Holy cow! Is it that time already? Fact #1
Mastic is fantastic for H. pylori! A recent study evaluated the antibacterial activity of mastic gum, a resin obtained from the Pistacia lentiscus tree, against clinical isolates of Helicobacter pylori. The minimal bactericidal concentrations (MBCs) were obtained by a microdilution assay. Mastic gum killed 50% of the strains tested at a concentration of 125 microg/ml and 90% at a concentration of 500 microg/ml. The influence of sub-MBCs of mastic gum on the morphologies of H. pylori was evaluated by transmission electron microscopy. The lentiscus resin induced blebbing, morphological abnormalities and cellular fragmentation in H. pylori cells.
An ajoene -ajoene situation...a myriad of potential health benefits from garlic's most active compound. Garlic has been viewed for its health benefits for thousands of years, and recently science has begun to show why.
According to Dr.

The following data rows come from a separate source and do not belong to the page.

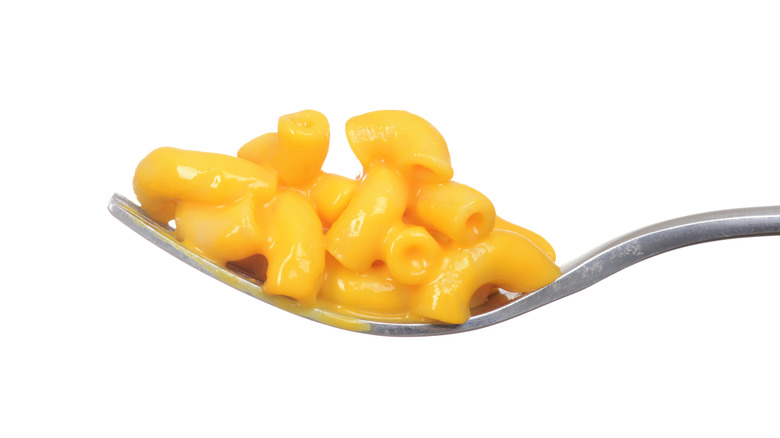 macaroni and cheese on fork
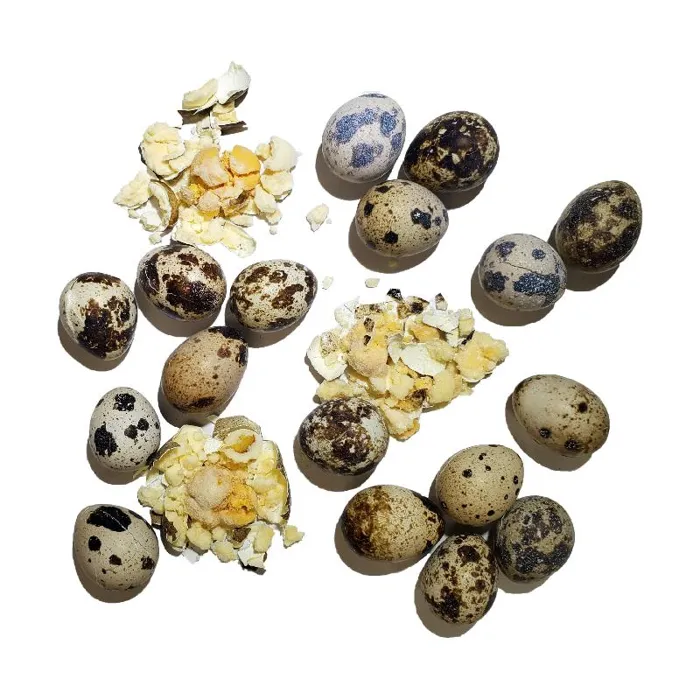 Arya! Sit Freeze Dried Quail Egg Yolk - 5oz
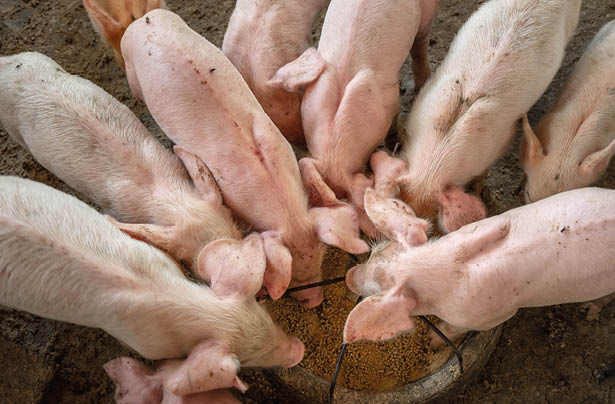 Piglets are scrambling to eat food in a pig farm 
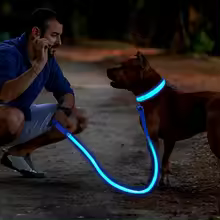 Thumbnail: NightGlow™ LED Dog Collar
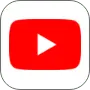 Youtube link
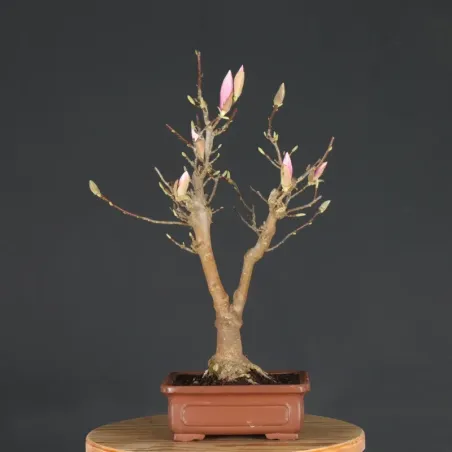 Bonsai Magnolia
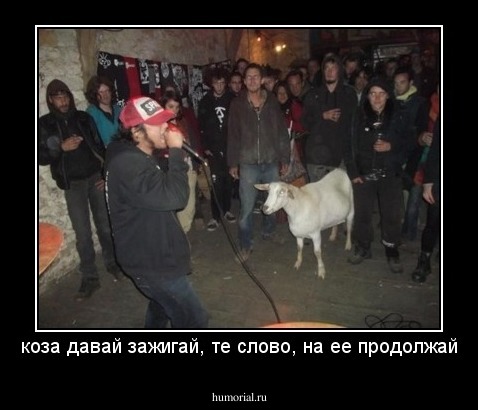 коза давай зажигай, те слово, на ее продолжай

Eric Block, leading expert in garlic sulfur compounds, ajoene (pronounced ah-hoe-ene) and dithiins are the most active compounds formed from fresh garlic. Broad research speaks to the potential medical benefits of ajoenes. Since the discovery and identification of ajoene in 1984, there have been many studies that have demonstrated its activity on bacteria, lipids, fungus, cholesterol,viruses, inflammation, parasites, tumors, and blood clots and platelets.

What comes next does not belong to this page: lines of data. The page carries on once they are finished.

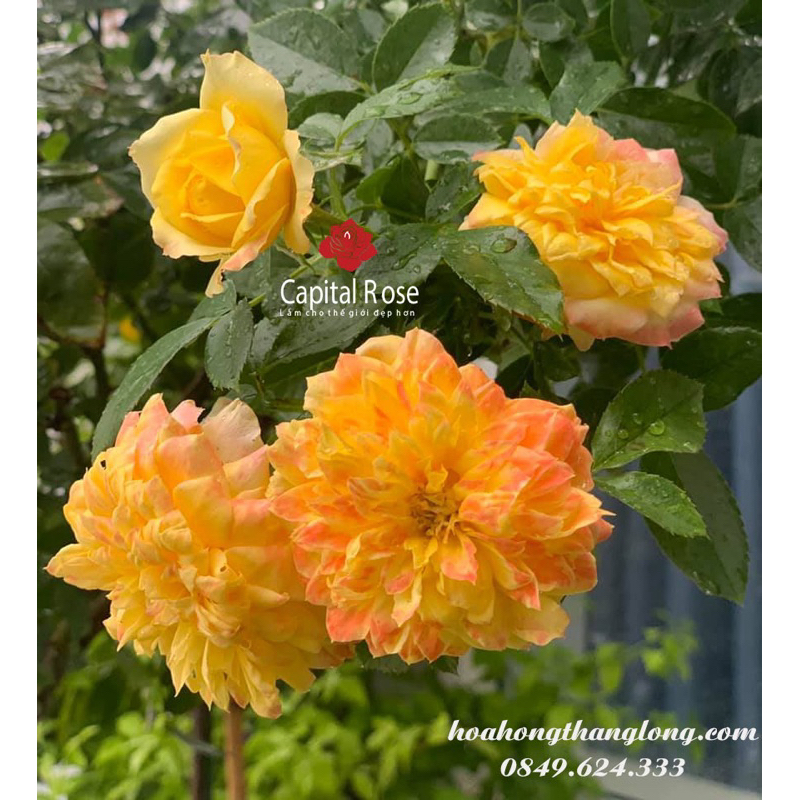 Hoa hồng bụi Fre Ruffle rose - cúc vàng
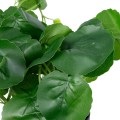 GloboStar® Artificial Garden BELL PLANT 20957 Διακοσμητικό Φυτό Σεφλέρα Φ47 x Υ22cm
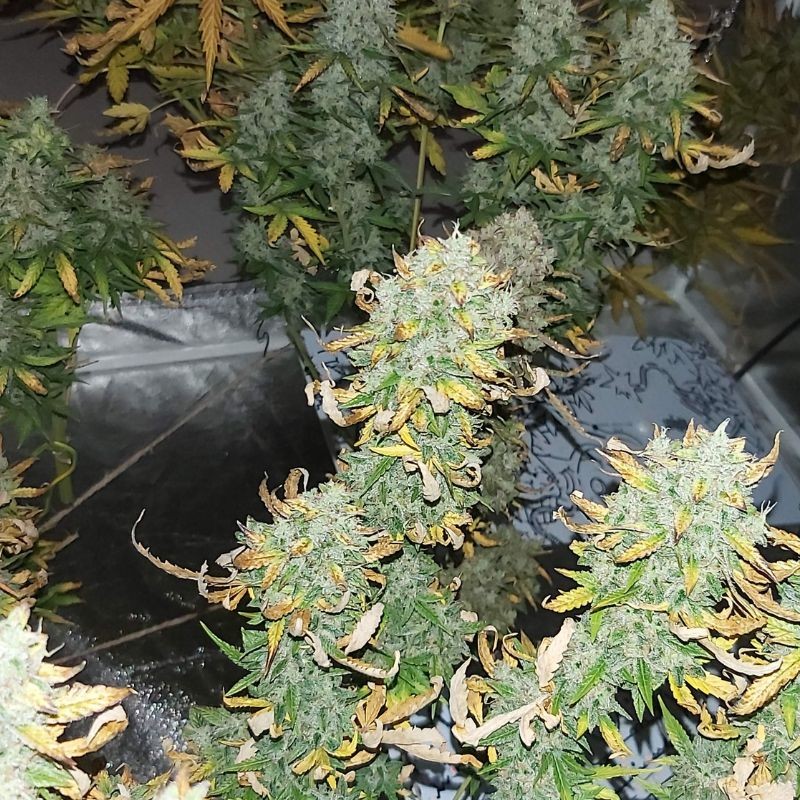 Nasiona marihuany automatyczne Auto Master Kush - odmiana konopi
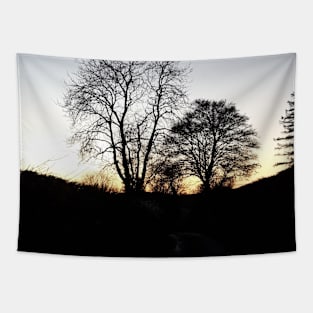 Country Twilight Tapestry
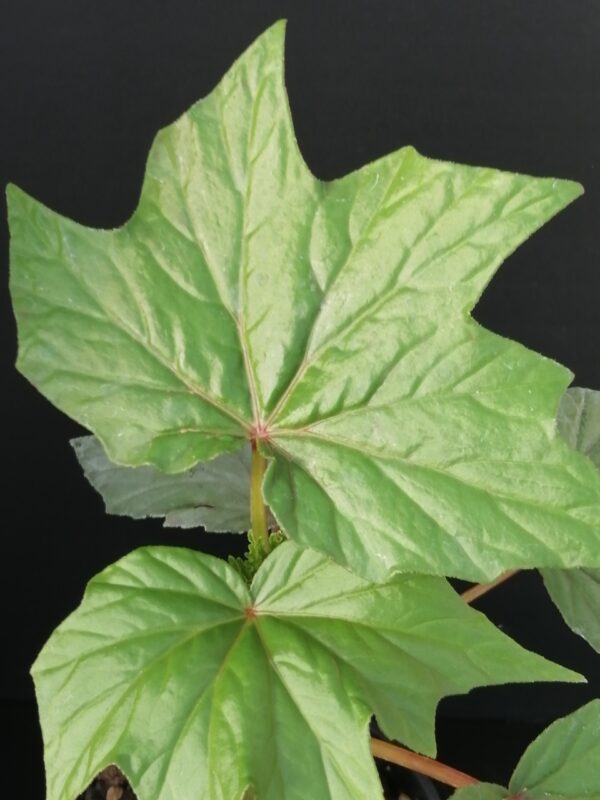 Begonia U442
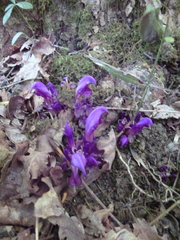 Lathraea clandestina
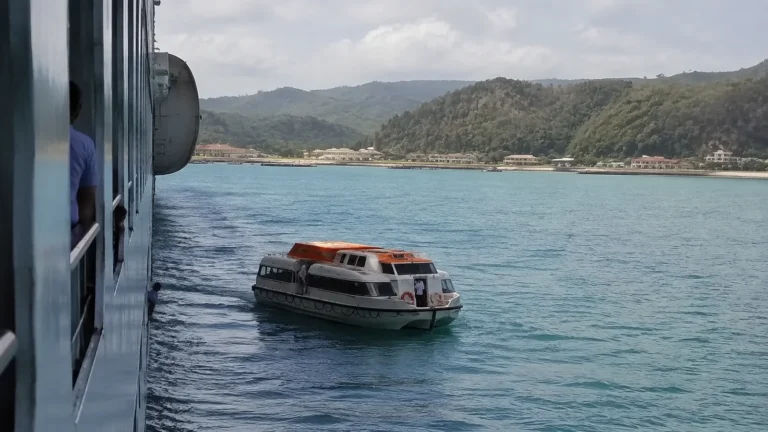 Tender boat approaching a cruise ship near a wooded coastline.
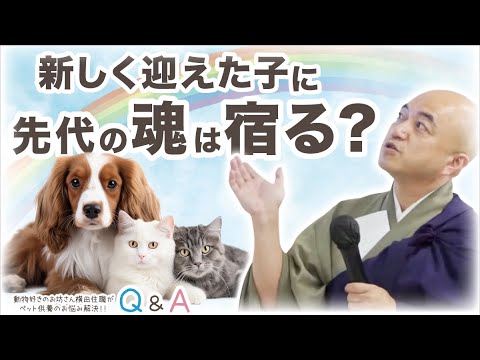 Q22.新しく迎えた子に先代の魂は宿る？／ペット供養Q&A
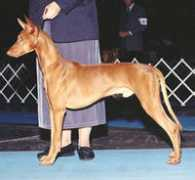 xodogs.com Loparev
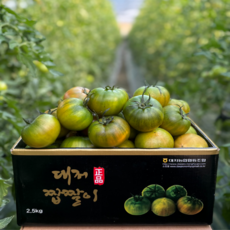 [당일새벽수확] 대저 정품 짭짤이 토마토, 1개, 1kg 못난이(혼합과)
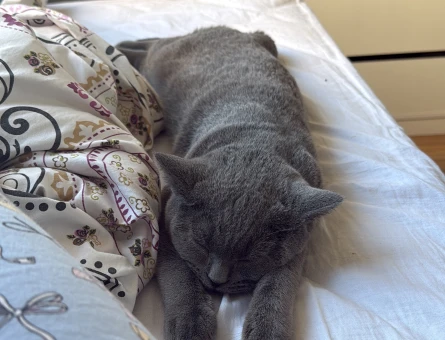 British Shorthair 1 Yaşında - 4374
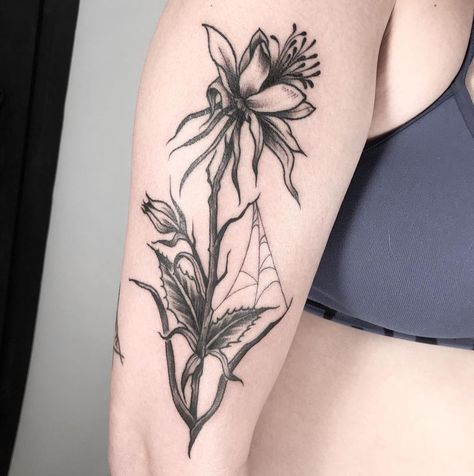 Shannon Faber on Instagram: “Columbine for a Colorado girl 🖤 #coloradotattooartist #denvertattooartist #botanicaltattoo #blackwork #columbinetattoo #coloradogirl” Colorado Blue Columbine Tattoo, Colorado Columbine Tattoo, Columbine Tattoo, Columbine Flower Tattoo, Colorado Tattoo, Colorado Girl, Columbine Flower, Botanical Tattoo, Horror Tattoo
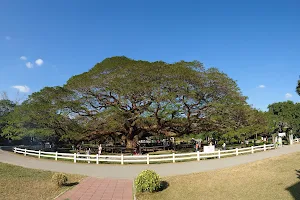 Giant Raintree (Monkey Pod Tree) image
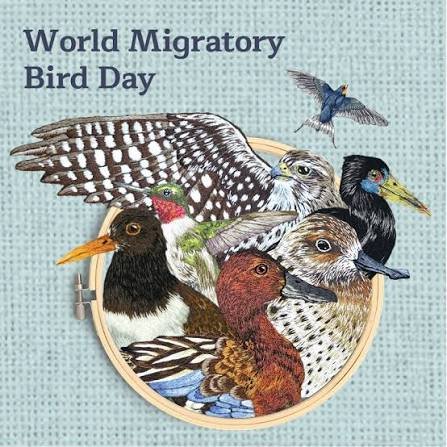 World Migratory Bird Day 2026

Vitamins K1 and K2 are neck and neck. Japanese scientists, led by Jun Iwamoto from Keio University School of Medicine in Tokyo, reviewed seven randomized clinical trials for vitamin K1 and K2 in relation to bone health in post-menopausal women.

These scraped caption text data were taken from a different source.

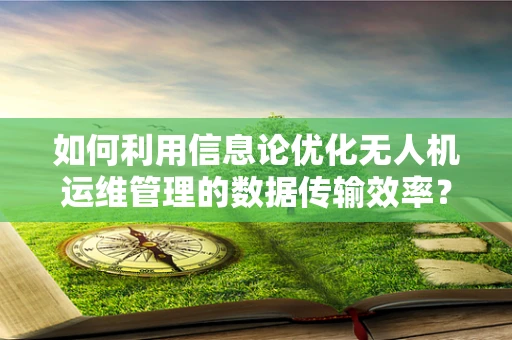 如何利用信息论优化无人机运维管理的数据传输效率？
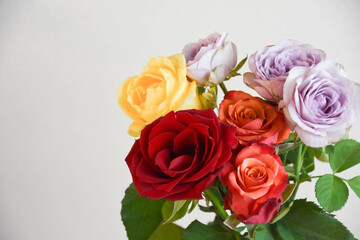 Fototapeta premium カラフルな薔薇
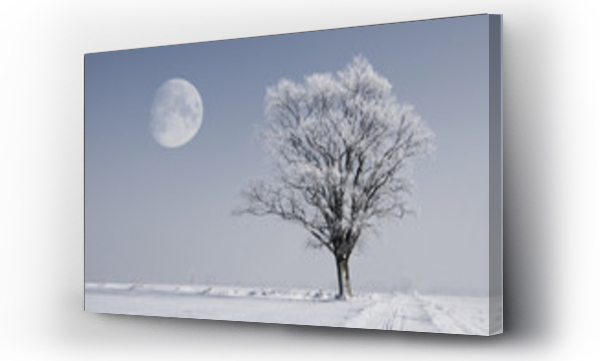 drzewo, drzewo niebo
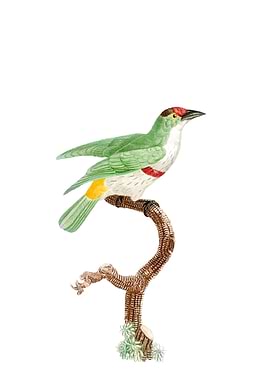 Red Belt Barbet Bird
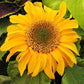 sunflower dwarf incredible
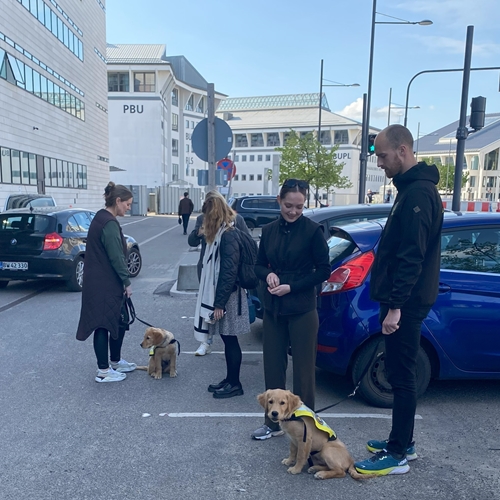 Maj 2024 2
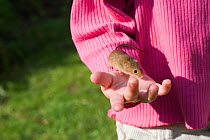 Child holding a Harvest mouse (Micromys minutus) Norfolk, UK, model released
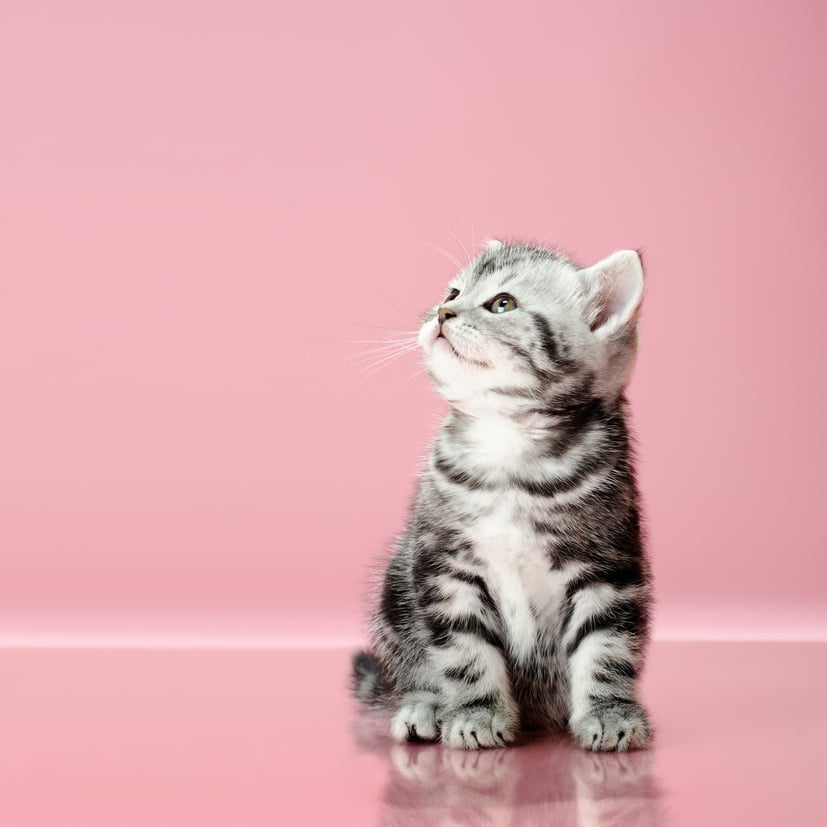 a kitten cat sitting on a pink surface looking up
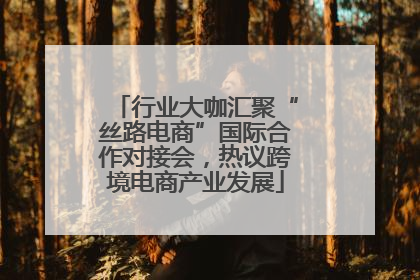 行业大咖汇聚“丝路电商”国际合作对接会，热议跨境电商产业发展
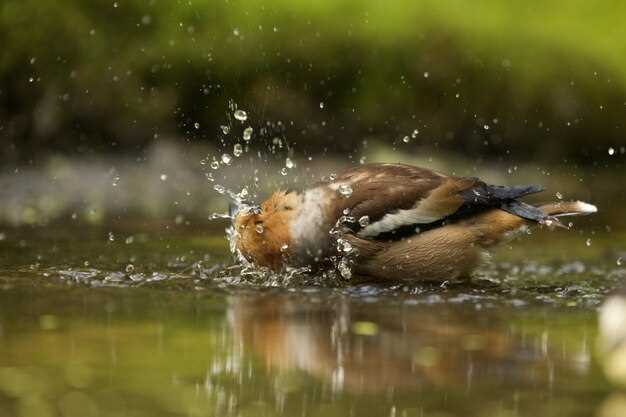 Les canards morts en rêve : quelles significations ?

“Despite the lack of a significant change or the occurrence of only a modest increase in bone mineral density, high-dose vitamin K1 and vitamin K2 supplementation improved indices of bone strength in the femoral neck and reduced the incidence of clinical fractures,” wrote the researchers in Nutrition Research.
For immunity boosting...think zinc!
Zinc plays an important role in immune function. Researchers at Tufts University set out to determine whether serum zinc concentrations in nursing home elderly are associated with the incidence and duration of pneumonia, total and duration of antibiotic use, and both pneumonia-associated and all-cause mortality.Outcome measures included the incidence and number of days with pneumonia, number of new antibiotic prescriptions, days of antibiotic use, death due to pneumonia, and all-cause mortality.
Compared with subjects with low zinc concentrations, subjects with normal final serum zinc concentrations had a lower incidence of pneumonia, fewer (by almost 50%) new antibiotic prescriptions, a shorter duration of pneumonia, and fewer days of antibiotic use. Zinc supplementation to maintain normal serum zinc concentrations in the elderly may help reduce the incidence of pneumonia and associated morbidity.
Test, test, test --- calling you.
Insufficient and deficient levels of vitamin D may increase the risk of metabolic syndrome by 52 percent, according to a joint Anglo-Chinese study.
According to findings published in Diabetes Care, a study with 3,262 Chinese people aged between 50 and 70 showed that 94 percent were vitamin D deficient or insufficient, and 42 percent of these people also had metabolic syndrome. Vitamin D deficiency is becoming a major concern among the elderly.